Mysterious Bright Spots Shine on Dwarf Planet Ceres (Photos)
Two photos of the dwarf planet Ceres taken by NASA's Dawn spacecraft on Feb. 12, 2015, from a distance of about 52,000 miles (83,000 kilometers). The images have been magnified from their original size.
Credit: NASA/JPL-Caltech/UCLA/MPS/DLR/IDA

NASA's Dawn spacecraft will have plenty of mysteries to investigate when it begins orbiting the dwarf planet Ceres next month, as the probe's latest photos attest.

Dawn's most recent images of Ceres, taken Feb. 12 at a distance of 52,000 miles (83,000 kilometers) away, show an abundance of craters on the dwarf planet, as well as numerous bright spots that have scientists baffled.

"As we slowly approach the stage, our eyes transfixed on Ceres and her planetary dance, we find she has beguiled us but left us none the wiser," Dawn principal investigator Chris Russell of UCLA said in a statement. "We expected to be surprised; we did not expect to be this puzzled."

The new photos, which have a resolution of 4.9 miles (7.8 km) per pixel, are the sharpest ever taken of Ceres, NASA officials said.

A large, flickering white spot was also visible in photos Dawn took of Ceres last month.

"We can confirm that it is something on Ceres that reflects more sunlight, but what that is remains a mystery," Dawn mission director and chief engineer Marc Rayman, of NASA's Jet Propulsion Laboratory in Pasadena, California, told Space.com via email at the time

Dawn could clear up the mystery soon. The probe is scheduled to enter orbit around the 590-mile-wide (950 km) Ceres, the largest body in the main asteroid belt between Mars and Jupiter, on the night of March 5. Dawn will start studying Ceres in earnest six weeks after that; the probe is scheduled to work its way down to its first science orbit on April 23.

The $466 million Dawn mission launched in September 2007 to study the asteroid belt's two biggest denizens — the protoplanet Vesta, which is 330 miles (530 km) wide, and Ceres.
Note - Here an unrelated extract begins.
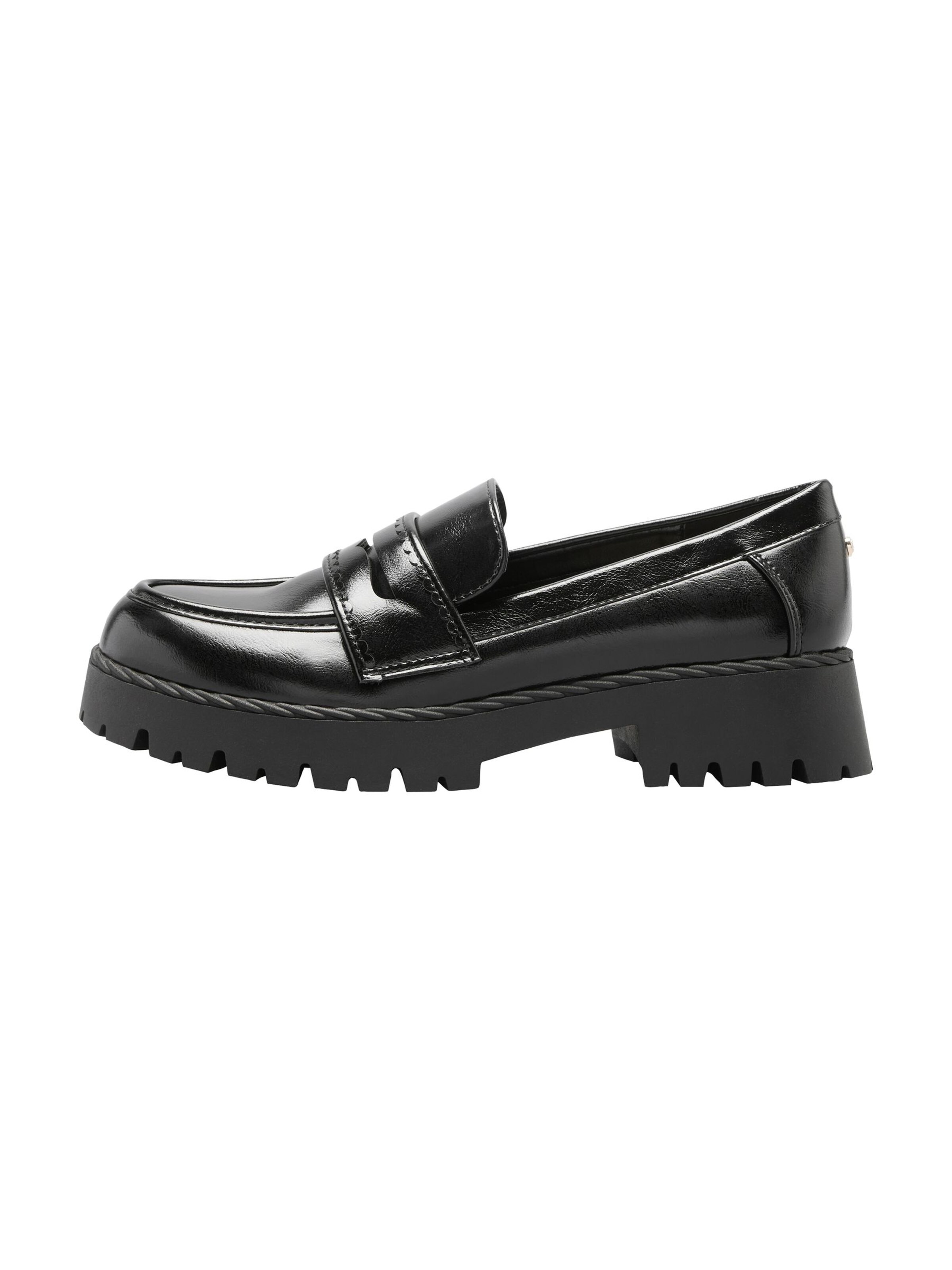 Lipsy Slipper in Schwarz: Vorderseite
Dawn orbited Vesta from July 2011 through September 2012, when it departed for Ceres.

Dawn's observations of these two planetary building blocks should help scientists better understand the solar system's early days, NASA officials said.

Dawn is scheduled to study Ceres from a variety of orbits through June 2016, when the probe's mission will come to an end.